En enero de 2021, encontrándose en un bar de Madrid, dos ciudadanos increparon a un tercero, que salía de los baños, profiriendo diversos insultos homofóbicos, acusándolo de haber realizado actividad sexual en los baños y arrojando la puerta del baño contra él. Por dicho motivo, fueron condenados a seis meses de prisión, inhabilitación de tres años y 6 meses para el ejercicio de profesión educativa y multa de 1,080 €. El recurso de apelación interpuesto fue desestimado.
Ambos interpusieron recurso de casación, alegando que no recuerdan haber cometido la conducta punible, ya que habían ingerido mucho alcohol, de modo que no actuaron conscientemente ni tuvieron intención alguna de menoscabar la dignidad del agraviado ni de las personas homosexuales.

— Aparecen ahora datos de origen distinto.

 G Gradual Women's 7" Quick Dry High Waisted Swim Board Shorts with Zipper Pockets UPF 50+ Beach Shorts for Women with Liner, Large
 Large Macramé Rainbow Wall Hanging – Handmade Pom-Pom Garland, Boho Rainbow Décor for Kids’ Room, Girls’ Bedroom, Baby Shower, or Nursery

El Tribunal Supremo recuerda que la conducta punible está tipificada en el artículo 510.2.a.1 del Código Penal, que fue construido por la necesidad de dotar de especial protección a grupos vulnerables ante formas de expresión que los humillan o los exponen a comportamientos violentos. Al respecto, el Tribunal señala que la realidad social demuestra que, pese a los esfuerzos desplegados para incentivar la aceptación y convivencia de la diversidad, la orientación sexual sigue siendo motivo frecuente de ataques.

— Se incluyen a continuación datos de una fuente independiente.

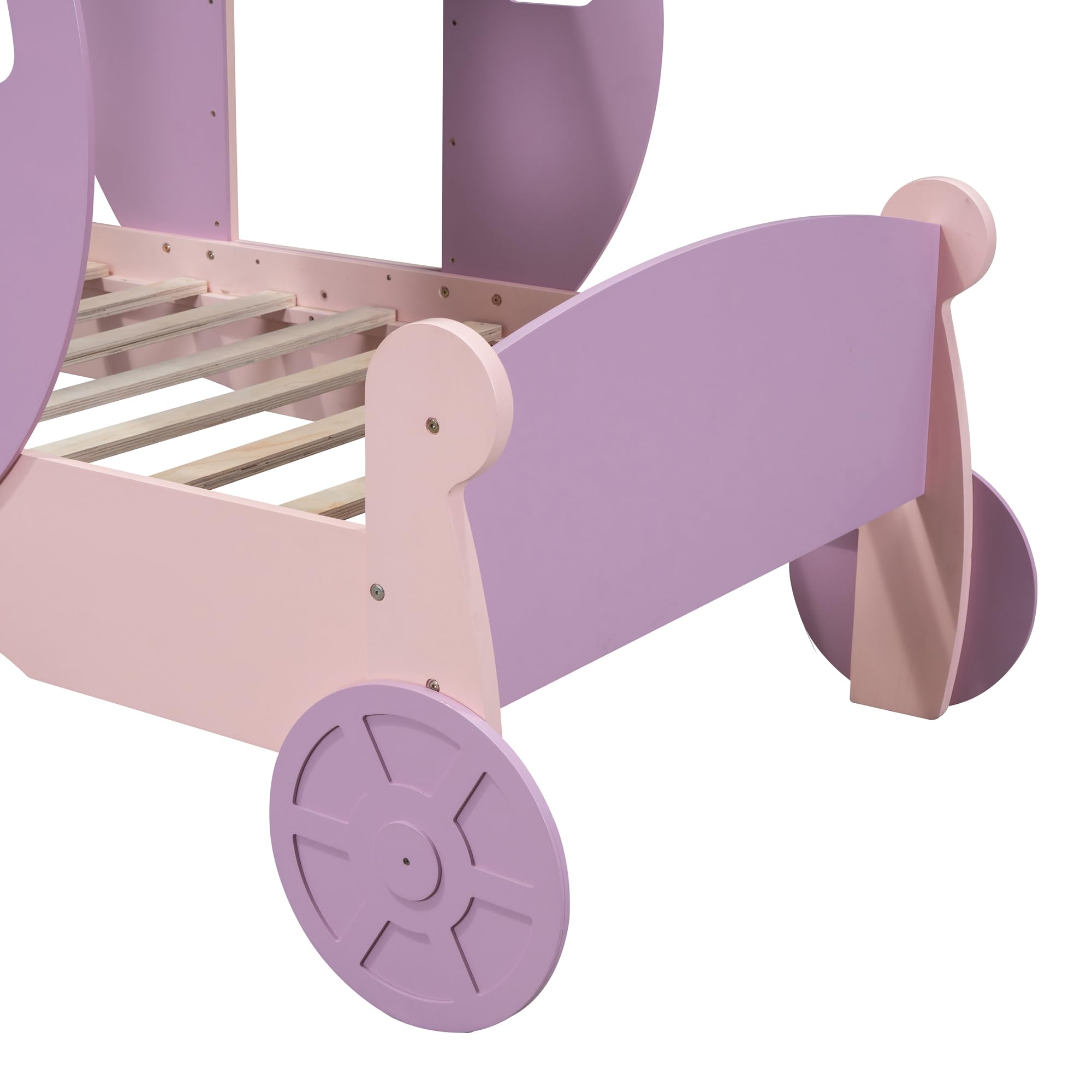 LZ LEISURE ZONE Twin Size Princess Carriage Bed with Crown - Wooden Twin Platform Bed Frame with Stairs in Purple & Pink - Perfect for Girls' Bedroom, Fairytale Theme Decor, and Kids' Fantasy Sleep Space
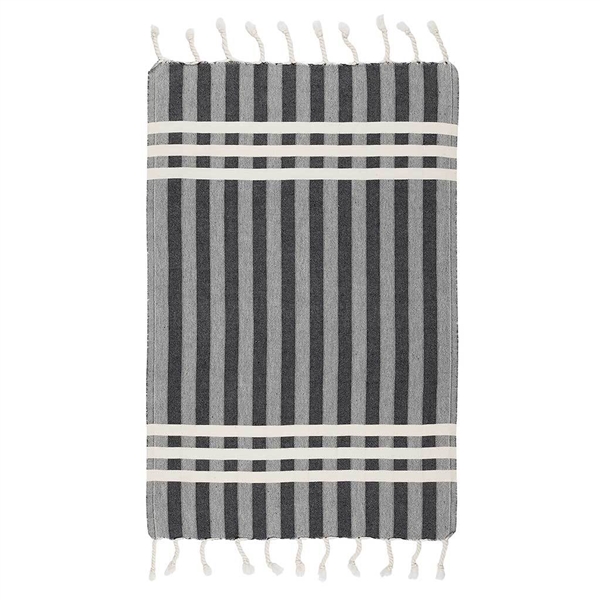 Turkish Hand Towel Criss Cross Black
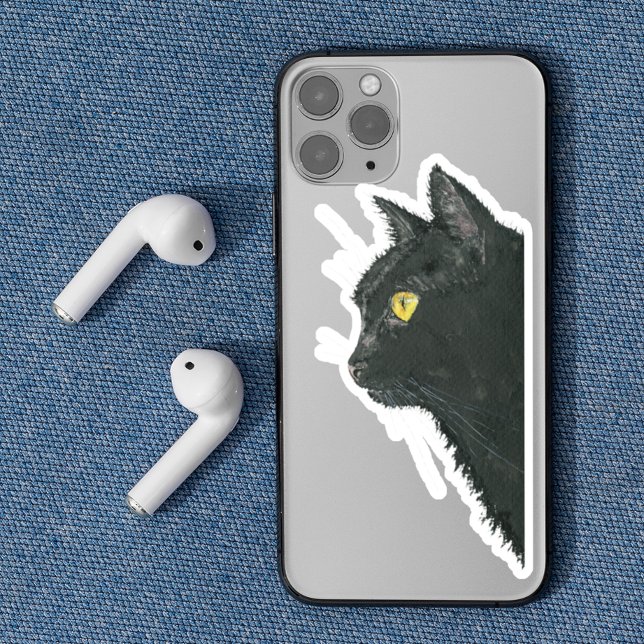 Peeking Black Cat Kitty Face Sticker (Creator Uploaded)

El Tribunal agrega que, conforme a su jurisprudencia, el elemento que caracteriza a los delitos de odio es el ánimo subjetivo que conduce al autor a la comisión del hecho agresivo, consistente en la animadversión hacia la persona, o hacia colectivos que, unificados por el color de su piel, por su origen, su etnia, su religión, su discapacidad, su ideología, su orientación o su identidad sexual, o por su condición de víctimas conforman una aparente unidad que permite configurar una serie de tipos de personas.
El Tribunal aprecia que las expresiones proferidas son ofensivas y, si bien en determinados ámbitos se utilizan de manera generalizada o jocosa incluso, objetivamente incorporan una connotación de menosprecio por la orientación sexual. Por ende, el Tribunal considera que, empleadas en un lugar público y en un contexto de violencia, transmiten un discurso que humilla, desprecia y discrimina, ostentado desde tradicionales posturas estereotipadas de lo masculino.

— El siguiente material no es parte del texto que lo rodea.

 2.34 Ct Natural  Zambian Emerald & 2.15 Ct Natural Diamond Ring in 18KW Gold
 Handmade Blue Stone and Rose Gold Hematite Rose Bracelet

El Tribunal estima que el contenido de las expresiones y los comportamientos que se aluden en estas permiten concluir que el discurso proferido responde a los prejuicios de los imputados hacia las personas de determinada orientación sexual, humillando a este colectivo por la sola pertenencia a este.
El Tribunal agrega que los hechos no pueden ampararse en la libertad de expresión pues, si bien esta protege incluso la crítica que pueda molestar, inquietar o disgustar a su destinatario, no alcanza a expresiones expresiones ultrajantes y ofensivas innecesarias para la difusión de ideas u opiniones.
Por ende, el Tribunal Supremo desestima el recurso de casación y confirma la condena impuesta.